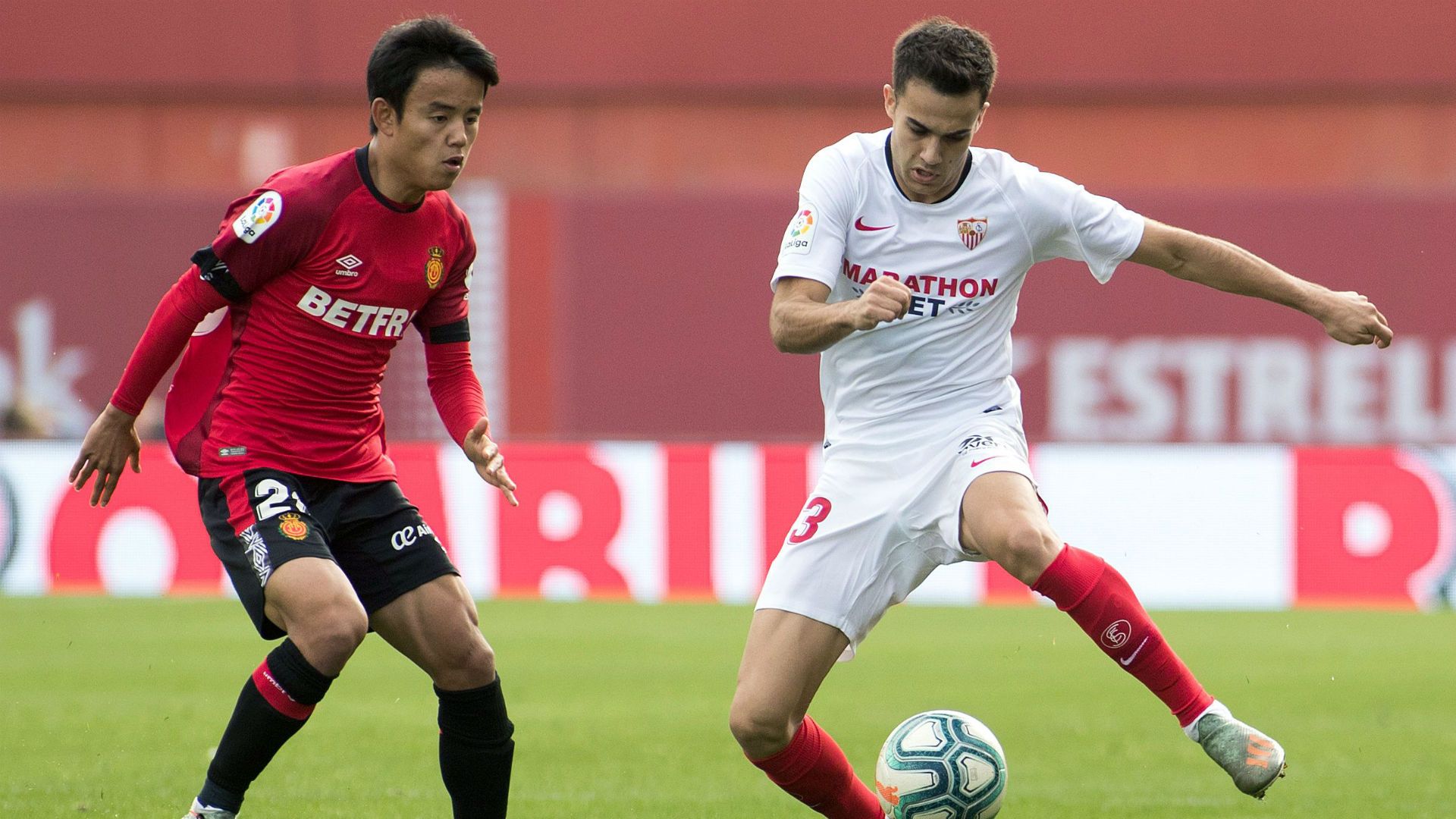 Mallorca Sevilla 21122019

▬▬▬▬▬▬▬▬▬▬

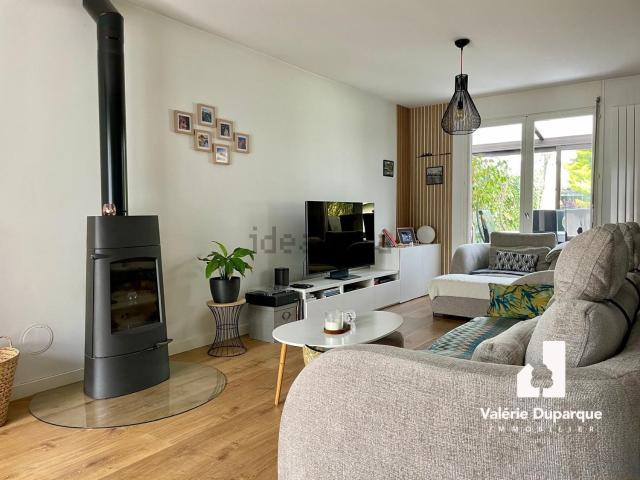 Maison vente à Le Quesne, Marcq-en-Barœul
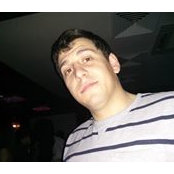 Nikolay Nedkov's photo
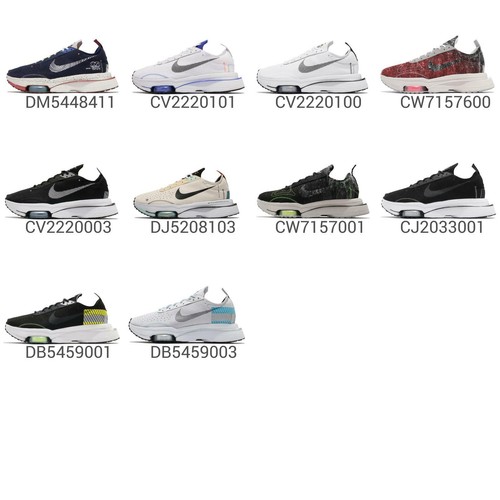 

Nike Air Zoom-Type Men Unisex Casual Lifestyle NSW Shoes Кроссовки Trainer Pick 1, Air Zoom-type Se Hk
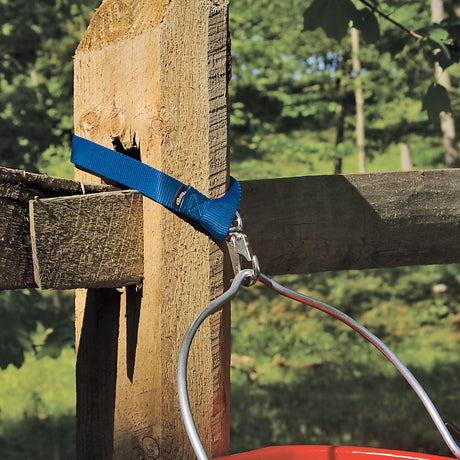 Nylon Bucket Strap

▬▬▬▬▬▬▬▬▬▬

Exercise prompt
A verbatim reproduction is expected: starting at the line above that has "Maison vente à Le Quesne, Marcq-en-Barœul", ending at the line that has "Nylon Bucket Strap", both included, and with no pictures and no other lines.

Response to the exercise
 Maison vente à Le Quesne, Marcq-en-Barœul
 Nikolay Nedkov's photo

Nike Air Zoom-Type Men Unisex Casual Lifestyle NSW Shoes Кроссовки Trainer Pick 1, Air Zoom-type Se Hk
 Nylon Bucket Strap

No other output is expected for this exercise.